The working principle of APDs depends on generating charge carriers via photon absorption and then multiplying the carriers through impact ionization in a high-electric-field region. This is an important process that boosts the sensitivity to weak light signals. 

Photocarrier Generation 

The process begins when incident photons strike the semiconductor material in the absorption region. 

If a photon has sufficient energy, it is then absorbed and excites an electron from the valence band to the conduction band. At the same time, this creates a free electron and a hole. This initial process is called the inner photoelectric effect. 

Impact Ionization and Avalanche Multiplication 

An APD is usually operated under a high reverse bias voltage. This is close to the breakdown voltage that creates a strong internal electric field. 
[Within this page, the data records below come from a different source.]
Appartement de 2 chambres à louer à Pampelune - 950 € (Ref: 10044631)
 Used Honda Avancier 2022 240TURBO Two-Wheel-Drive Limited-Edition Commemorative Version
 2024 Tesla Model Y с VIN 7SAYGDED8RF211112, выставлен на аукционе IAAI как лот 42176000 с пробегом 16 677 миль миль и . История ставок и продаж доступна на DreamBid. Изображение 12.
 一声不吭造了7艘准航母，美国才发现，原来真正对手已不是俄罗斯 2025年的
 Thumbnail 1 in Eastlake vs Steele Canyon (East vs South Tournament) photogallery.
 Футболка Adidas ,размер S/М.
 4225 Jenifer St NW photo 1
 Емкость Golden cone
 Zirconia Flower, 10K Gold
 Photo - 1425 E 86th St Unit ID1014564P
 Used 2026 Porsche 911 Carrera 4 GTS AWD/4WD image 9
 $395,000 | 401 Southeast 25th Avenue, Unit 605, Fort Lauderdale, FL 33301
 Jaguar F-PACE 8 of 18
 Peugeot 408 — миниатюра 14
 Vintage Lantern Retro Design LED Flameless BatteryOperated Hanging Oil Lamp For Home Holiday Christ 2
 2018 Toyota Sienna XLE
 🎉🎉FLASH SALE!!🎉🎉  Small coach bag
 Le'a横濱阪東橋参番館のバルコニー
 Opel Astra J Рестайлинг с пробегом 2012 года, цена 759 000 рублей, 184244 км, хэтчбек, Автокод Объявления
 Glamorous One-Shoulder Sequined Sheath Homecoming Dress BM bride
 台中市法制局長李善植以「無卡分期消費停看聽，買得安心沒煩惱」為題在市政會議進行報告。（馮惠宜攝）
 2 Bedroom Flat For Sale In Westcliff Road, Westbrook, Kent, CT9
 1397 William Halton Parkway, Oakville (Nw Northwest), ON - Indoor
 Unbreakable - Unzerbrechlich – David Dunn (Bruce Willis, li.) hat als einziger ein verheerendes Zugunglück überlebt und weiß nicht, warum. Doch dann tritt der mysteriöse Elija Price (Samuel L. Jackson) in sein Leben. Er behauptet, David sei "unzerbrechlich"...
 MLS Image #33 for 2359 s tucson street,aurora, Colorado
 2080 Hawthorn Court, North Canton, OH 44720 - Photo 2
• Acceleration: The intense electric field accelerates the photogenerated electrons and holes. This makes them gain kinetic energy as they drift through the device. 
• Impact ionization: The energetic carriers collide with atoms in the crystal lattice, which means more additional bound electrons are knocked out from their positions. This generates new secondary electron-hole pairs. 
• Avalanche: The newly created secondary carriers are still accelerated by the field, causing further impact ionization events. This leads to a chain reaction. This cascade of carrier generation is now known as the Avalanche effect, which rapidly multiplies the initial photocurrent. 

Structure of an APD

The Avalanche photodiode construction features three main regions, including the absorption, multiplication, and depletion regions. 

Absorption region: This is a wider, low electric field region. It is mostly made of an intrinsic or lightly doped layer. It is where most incident photons are absorbed, helping generate the primary electron-hole pairs. 

Multiplication region: It is much thinner compared to the absorption region. It is a region with a very high electric field. It is specifically designed for impact ionization, enabling it to occur more efficiently and with minimal noise. 

Depletion region: Under high reverse bias, the depletion region encompasses both the multiplication and absorption regions to ensure efficient carrier sweep-out and high-speed operation. 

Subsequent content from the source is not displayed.